This film is playing at the London Film Festival and was viewed on the digital press library. The festival runs from October 2nd-13th. You'll find a link to tickets at the end of this post. At time of writing, tickets are available for both of its screenings.
Dir: Nina Menkes
It is clear from the very first moment that Queen of Diamonds is not going to deal much in words. The title card comes up not as text but as a playing card. This is all the introduction we get to Nina Menkes’ demanding but rewarding look at one woman’s life on the outskirts of Vegas.
Made in 1991 and recently restored in 4K, this is likely to be one of the big discoveries of the LFF Treasures section for many viewers. It’s hard to ascribe anything approaching a story to this film, it hints at many behind the sometimes disconnected images, but not fully engaging with them is just one of the ways the film skirts any hint of cliche. Tinka Menkes plays Firdaus. We learn she lives in a motel, where her neighbours are an engaged couple and the man is hitting the woman. Firdaus works in what looks like a rather low rent casino and she helps care for an old man. Her husband is missing, but this doesn’t appear to concern her.
Events are thin on the ground, instead Nina Menkes puts us in a world somewhere between realism and surrealism, capturing the grinding mundanity of Firdaus' day to day life in a series of strikingly framed images, most of them in long shot, silent and unmoving. By so often sitting still on a shot for an extended period of time, Menkes forces us to draw ourselves into each image, to study every part of her framing and construction. The result doesn’t always reveal great meaning in the individual frame, but the beauty of her composition always means that there is pleasure merely in the looking and eventually in trying to piece the images together into some kind of full picture, like a jigsaw that will let us in to Firdaus, who remains a remote figure throughout. Perhaps the most striking image in the early part of the film comes when Firdaus goes for a walk with a man she meets on the beach. Rather than watch them walk we find them next standing at the edge of frame while, on the other extreme edge, a palm tree burns. The man leaves at some point, but we watch with her as it burns out in a shot that doesn’t move for something like three minutes.

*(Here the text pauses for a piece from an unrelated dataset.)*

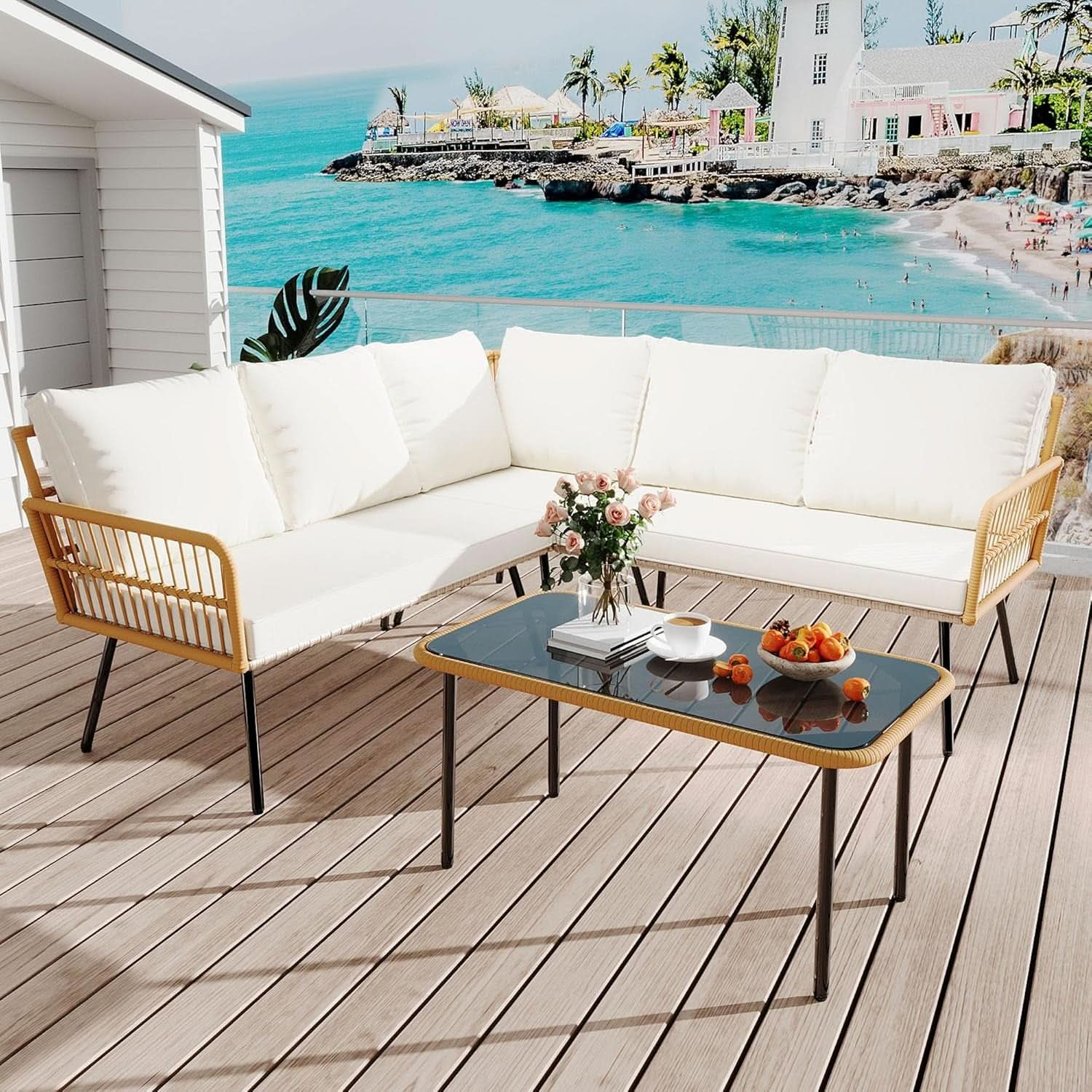 Wicker Patio Furniture Set with Cushions for Outdoor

Camera movement and cutting are so rare that when, about thirty minutes in, we come to a scene where we see Firdaus at work and Menkes zooms in on something, then cuts, it is almost a shock to the system. For a while it feels like Queen of Diamonds is settling into something approaching a normal filmic rhythm, but that’s only in the first part of the sequence. Menkes drags this sequence out for a long time—in full it is perhaps 15 of the film’s 77 minutes—it is clear the aim is to show us the repetitiveness and perceived length of her main character’s work day. This is highly successful, but not just through the length of the sequence. Images, cuts and camera movements repeat in a cycle, the camera often focusing on how Firdaus always leans on the card chute, or how she pushes money into a bank in the table. Menkes seems to break continuity, emphasising what feels like a time loop of mundane work and all the while she subtly builds a ticking clock into the sound design. It’s a sequence that demands patience and attention, but which is hugely rich and revealing if you give yourself over to it. In one way it’s hugely atypical of the film, in another it’s the whole thing in miniature. The second half of the film does take a few of the qualities of this sequence, but still remains stylistically very true to the still and studied overall style.

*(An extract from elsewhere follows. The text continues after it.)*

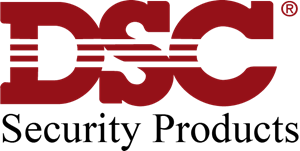 Logo de DSC Security Products en bordeaux avec les lettres DSC et le slogan « Produits de sécurité ».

Dialogue is thin on the ground, serving little like traditional narrative function when it does appear. Even the sound quality—whether by design or happenstance—underlines this with the dialogue sounding distant, even overheard. Character too, is a slippery notion. We get no real background on Firdaus and her one friend who occasionally appears is equally an enigma. It would almost be fair to say we know more about the neighbour and his fiance, but even so, a long sequence towards the end of the film, though the jollity set against the bruises we can see on the bride is perhaps Menkes’ clearest signpost to what the film is saying as a whole, is the only segment that truly feels drawn out.
Queen of Diamonds is something of an enigma, but it’s gorgeous, hypnotic and quite unlike anything else I’ve seen recently. I want to dive into further viewings and try to unpick what lies behind it. One thing, though, is certain: it’s a crime that I hadn’t even heard of Nina Menkes before, and you should take this all too rare opportunity to discover her work.